§ **Instructions to follow**: Only the lines containing the string "Paper" are needed; copy all of them from the listing.

▬▬▬▬▬▬

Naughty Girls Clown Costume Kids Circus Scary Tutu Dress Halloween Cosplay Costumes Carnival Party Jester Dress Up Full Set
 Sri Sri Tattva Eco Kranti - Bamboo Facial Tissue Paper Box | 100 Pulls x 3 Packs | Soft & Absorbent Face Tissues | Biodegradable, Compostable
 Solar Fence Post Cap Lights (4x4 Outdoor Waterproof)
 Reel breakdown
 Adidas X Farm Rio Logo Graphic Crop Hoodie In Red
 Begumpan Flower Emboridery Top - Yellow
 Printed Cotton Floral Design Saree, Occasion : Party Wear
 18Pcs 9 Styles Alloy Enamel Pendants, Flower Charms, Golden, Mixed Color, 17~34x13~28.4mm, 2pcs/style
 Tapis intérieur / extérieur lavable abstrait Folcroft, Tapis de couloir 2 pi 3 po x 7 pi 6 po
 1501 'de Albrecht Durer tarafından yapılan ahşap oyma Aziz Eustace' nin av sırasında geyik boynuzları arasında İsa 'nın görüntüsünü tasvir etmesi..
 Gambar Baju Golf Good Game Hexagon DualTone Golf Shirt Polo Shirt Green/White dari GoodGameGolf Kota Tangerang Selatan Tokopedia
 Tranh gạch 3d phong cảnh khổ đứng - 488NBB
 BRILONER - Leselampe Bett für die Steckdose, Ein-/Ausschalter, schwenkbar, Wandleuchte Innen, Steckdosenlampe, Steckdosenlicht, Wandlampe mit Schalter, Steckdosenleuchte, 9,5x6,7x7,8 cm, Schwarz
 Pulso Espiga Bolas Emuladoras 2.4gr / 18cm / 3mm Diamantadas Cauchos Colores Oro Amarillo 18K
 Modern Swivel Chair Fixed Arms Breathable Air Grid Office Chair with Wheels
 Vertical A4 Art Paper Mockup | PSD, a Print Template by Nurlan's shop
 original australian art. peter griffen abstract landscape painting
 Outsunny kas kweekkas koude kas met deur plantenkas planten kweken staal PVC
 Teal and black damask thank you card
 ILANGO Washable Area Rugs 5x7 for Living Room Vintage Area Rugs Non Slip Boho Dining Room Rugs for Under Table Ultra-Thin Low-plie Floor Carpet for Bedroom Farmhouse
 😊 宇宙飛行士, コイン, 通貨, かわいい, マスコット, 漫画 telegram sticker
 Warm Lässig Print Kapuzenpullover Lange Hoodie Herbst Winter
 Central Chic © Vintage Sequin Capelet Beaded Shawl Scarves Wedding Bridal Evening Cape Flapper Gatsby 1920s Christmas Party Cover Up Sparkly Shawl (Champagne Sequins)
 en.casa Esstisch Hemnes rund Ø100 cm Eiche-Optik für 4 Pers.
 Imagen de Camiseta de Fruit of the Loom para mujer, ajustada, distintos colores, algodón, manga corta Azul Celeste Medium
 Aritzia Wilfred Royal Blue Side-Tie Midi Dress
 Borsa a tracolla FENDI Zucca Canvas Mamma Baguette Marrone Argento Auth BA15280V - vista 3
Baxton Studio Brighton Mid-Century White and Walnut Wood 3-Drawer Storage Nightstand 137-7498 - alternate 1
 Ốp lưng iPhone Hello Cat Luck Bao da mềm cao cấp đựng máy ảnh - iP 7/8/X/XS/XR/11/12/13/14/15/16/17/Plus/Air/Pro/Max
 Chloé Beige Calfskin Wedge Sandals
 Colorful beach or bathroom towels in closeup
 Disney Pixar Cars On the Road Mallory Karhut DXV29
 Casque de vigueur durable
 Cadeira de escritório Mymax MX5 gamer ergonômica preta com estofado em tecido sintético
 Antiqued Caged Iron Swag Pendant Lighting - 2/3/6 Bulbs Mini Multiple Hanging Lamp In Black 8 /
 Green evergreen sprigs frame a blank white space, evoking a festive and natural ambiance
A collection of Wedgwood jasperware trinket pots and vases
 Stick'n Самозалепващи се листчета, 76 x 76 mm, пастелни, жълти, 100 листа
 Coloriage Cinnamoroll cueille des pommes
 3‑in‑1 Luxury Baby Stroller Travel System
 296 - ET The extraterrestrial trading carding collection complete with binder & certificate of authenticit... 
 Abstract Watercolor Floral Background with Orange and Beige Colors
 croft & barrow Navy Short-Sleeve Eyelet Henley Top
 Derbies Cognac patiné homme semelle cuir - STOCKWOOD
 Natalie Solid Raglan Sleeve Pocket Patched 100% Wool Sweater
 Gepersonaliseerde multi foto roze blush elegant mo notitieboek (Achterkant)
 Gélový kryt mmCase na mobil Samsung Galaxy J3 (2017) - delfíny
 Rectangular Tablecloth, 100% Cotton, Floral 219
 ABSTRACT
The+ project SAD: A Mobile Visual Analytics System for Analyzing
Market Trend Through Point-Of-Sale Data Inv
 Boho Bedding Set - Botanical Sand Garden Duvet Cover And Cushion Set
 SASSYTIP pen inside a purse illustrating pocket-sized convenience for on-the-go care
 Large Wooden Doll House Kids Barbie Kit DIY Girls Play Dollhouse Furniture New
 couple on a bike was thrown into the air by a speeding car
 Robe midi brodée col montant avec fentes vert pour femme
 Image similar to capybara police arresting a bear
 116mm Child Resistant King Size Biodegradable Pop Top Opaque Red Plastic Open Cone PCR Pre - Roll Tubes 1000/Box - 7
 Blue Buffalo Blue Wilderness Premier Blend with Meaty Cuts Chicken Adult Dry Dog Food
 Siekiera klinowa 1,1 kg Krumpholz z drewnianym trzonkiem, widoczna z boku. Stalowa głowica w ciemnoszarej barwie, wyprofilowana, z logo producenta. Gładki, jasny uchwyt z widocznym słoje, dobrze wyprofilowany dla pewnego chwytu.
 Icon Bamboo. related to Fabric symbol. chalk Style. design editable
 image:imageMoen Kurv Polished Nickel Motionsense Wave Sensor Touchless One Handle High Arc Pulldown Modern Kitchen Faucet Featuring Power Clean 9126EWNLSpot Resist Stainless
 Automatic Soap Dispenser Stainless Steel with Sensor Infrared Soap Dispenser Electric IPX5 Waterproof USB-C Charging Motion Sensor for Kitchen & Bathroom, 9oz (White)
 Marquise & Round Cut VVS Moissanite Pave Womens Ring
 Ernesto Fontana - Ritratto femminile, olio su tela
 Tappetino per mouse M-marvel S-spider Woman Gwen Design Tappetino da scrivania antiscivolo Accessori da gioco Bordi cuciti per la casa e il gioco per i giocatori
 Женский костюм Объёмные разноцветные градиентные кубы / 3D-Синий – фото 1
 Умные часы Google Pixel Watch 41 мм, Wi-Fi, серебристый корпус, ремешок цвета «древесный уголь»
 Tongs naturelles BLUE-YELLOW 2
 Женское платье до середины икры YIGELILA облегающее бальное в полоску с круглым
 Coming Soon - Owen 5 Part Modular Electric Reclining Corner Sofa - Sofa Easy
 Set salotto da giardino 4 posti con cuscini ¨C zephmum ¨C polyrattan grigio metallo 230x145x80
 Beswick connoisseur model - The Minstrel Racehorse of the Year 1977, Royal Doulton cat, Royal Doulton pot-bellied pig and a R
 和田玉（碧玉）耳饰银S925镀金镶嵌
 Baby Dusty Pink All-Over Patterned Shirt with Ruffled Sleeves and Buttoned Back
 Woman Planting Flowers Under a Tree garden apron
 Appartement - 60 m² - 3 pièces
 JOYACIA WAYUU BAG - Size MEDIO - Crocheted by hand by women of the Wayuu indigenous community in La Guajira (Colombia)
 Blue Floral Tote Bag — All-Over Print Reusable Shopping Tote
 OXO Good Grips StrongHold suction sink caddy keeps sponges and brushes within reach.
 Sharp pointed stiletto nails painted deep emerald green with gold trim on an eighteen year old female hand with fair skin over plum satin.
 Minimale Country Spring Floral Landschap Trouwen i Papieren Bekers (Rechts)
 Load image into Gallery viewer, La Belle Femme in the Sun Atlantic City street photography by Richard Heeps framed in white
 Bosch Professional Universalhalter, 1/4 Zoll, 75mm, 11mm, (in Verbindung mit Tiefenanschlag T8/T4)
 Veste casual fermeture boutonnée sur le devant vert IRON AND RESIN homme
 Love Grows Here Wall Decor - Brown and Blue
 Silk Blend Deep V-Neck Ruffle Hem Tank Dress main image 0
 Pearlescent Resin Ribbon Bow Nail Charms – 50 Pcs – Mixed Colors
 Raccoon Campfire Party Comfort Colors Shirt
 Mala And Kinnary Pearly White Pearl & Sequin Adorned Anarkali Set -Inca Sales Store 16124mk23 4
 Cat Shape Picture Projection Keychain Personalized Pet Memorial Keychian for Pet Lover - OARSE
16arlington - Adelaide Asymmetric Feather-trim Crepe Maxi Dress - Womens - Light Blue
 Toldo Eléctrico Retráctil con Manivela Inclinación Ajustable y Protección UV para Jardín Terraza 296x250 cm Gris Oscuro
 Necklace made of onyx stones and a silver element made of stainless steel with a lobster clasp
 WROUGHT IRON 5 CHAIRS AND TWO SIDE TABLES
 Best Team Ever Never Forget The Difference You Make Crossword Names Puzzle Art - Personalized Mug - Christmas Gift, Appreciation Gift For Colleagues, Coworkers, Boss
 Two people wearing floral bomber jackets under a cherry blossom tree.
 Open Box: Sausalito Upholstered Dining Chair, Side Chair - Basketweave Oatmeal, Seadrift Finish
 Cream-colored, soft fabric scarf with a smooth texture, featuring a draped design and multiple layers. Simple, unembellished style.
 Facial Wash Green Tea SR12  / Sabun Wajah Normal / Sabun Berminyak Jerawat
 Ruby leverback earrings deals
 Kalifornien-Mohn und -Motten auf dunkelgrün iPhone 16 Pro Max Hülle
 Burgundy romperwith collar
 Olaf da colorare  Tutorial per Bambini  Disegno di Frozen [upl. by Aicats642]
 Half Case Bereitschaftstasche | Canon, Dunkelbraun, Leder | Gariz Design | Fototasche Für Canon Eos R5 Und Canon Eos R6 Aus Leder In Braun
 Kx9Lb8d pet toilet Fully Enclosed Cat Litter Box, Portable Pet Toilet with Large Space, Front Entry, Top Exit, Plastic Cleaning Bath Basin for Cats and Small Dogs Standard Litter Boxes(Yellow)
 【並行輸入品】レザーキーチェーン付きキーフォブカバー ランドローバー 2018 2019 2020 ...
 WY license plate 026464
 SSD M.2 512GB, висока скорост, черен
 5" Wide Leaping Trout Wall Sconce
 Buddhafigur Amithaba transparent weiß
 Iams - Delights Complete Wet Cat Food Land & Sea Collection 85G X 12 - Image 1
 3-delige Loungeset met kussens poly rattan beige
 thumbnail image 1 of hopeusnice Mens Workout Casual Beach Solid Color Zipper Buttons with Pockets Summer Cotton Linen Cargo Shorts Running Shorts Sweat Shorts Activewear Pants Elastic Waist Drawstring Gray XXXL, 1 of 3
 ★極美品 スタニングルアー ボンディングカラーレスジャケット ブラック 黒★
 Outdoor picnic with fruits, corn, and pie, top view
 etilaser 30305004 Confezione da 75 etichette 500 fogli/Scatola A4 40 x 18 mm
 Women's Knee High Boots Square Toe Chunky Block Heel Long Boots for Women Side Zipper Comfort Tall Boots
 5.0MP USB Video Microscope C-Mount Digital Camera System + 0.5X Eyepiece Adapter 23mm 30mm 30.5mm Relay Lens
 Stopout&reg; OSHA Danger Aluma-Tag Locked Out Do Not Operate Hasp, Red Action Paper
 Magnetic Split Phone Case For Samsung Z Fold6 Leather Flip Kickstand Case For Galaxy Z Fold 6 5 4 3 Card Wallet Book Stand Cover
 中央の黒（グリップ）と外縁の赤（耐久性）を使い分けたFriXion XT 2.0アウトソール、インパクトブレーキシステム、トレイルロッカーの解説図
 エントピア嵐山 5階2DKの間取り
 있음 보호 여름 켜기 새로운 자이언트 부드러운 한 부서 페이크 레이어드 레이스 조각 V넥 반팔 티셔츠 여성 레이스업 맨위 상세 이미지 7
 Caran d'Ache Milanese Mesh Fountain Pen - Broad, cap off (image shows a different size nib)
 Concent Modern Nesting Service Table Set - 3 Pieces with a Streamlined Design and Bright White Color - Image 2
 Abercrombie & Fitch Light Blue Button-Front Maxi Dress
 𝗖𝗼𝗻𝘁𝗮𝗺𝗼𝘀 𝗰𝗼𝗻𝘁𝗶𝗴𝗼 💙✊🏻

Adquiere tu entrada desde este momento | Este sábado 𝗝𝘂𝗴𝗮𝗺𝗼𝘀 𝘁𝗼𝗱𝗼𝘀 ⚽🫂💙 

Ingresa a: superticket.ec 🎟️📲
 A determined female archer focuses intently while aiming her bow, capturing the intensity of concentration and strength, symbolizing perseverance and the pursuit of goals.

▬▬▬▬▬▬

§ **Response area**:
 Sri Sri Tattva Eco Kranti - Bamboo Facial Tissue Paper Box | 100 Pulls x 3 Packs | Soft & Absorbent Face Tissues | Biodegradable, Compostable
 Vertical A4 Art Paper Mockup | PSD, a Print Template by Nurlan's shop
 Stopout&reg; OSHA Danger Aluma-Tag Locked Out Do Not Operate Hasp, Red Action Paper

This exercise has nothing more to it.